HP XC System Software Administration Guide Version 3.1
LSF-HPC with SLURM monitoring and failover are implemented on the HP XC system as tools that prepare
the environment for the LSF execution host daemons on a given node, start the daemons, then watch the
node to ensure that it remains active.
After a standard installation, the HP XC system is initially configured so that:
• LSF-HPC with SLURM is started on the head node.
• LSF-HPC with SLURM failover is disabled.
• The Nagios application reports whether LSF-HPC with SLURM is up, down, or "currently shut down,"
but takes no action in any case.
The only direct interaction between LSF-HPC with SLURM and the LSF monitoring and failover tools
occurs at LSF-HPC with SLURM startup, when the daemons are started in the virtual environment, and
at failover, when the existing daemons are shut down cleanly before the virtual environment is moved to
a new host.
15.13.2 Interplay of LSF-HPC with SLURM
The LSF-HPC with SLURM product and SLURM are managed independently; one is not critically affected
if the other goes down.
SLURM has no dependency on LSF-HPC with SLURM.
The LSF-HPC with SLURM product needs SLURM to schedule jobs.
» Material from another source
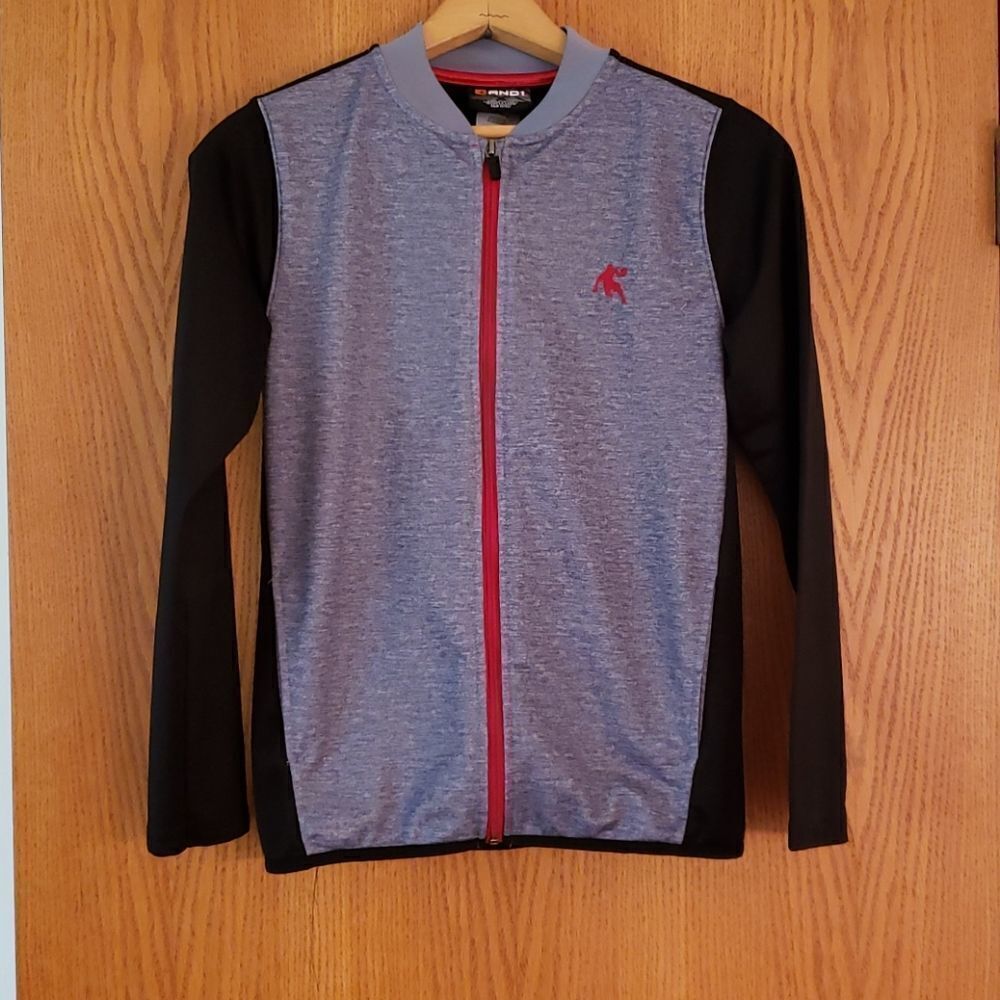 EUC And1 Track Style Jacket Boys Sz L (10/12)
If SLURM becomes unresponsive,
LSF-HPC with SLURM drops its processor count to 1 and closes the HP XC virtual host. When SLURM is
available again, LSF-HPC with SLURM adjusts its processor count accordingly and reopens the host.
15.13.3 Assigning the Resource Management Nodes
You assign nodes to both SLURM and the LSF-HPC with SLURM product by assigning them the resource
management role; this role includes both the lsf and slurm_controller services.
By default, the HP XC resource management system attempts to place the SLURM controller and the LSF
execution host on the same node to constrain the use of system resources. If only one node has the resource
management role, the LSF-HPC with SLURM execution daemons and the SLURM control daemon both
run on that node.
If two nodes are assigned the resource management role, by default, the first node becomes the primary
resource management node, and the second node is the backup resource management node.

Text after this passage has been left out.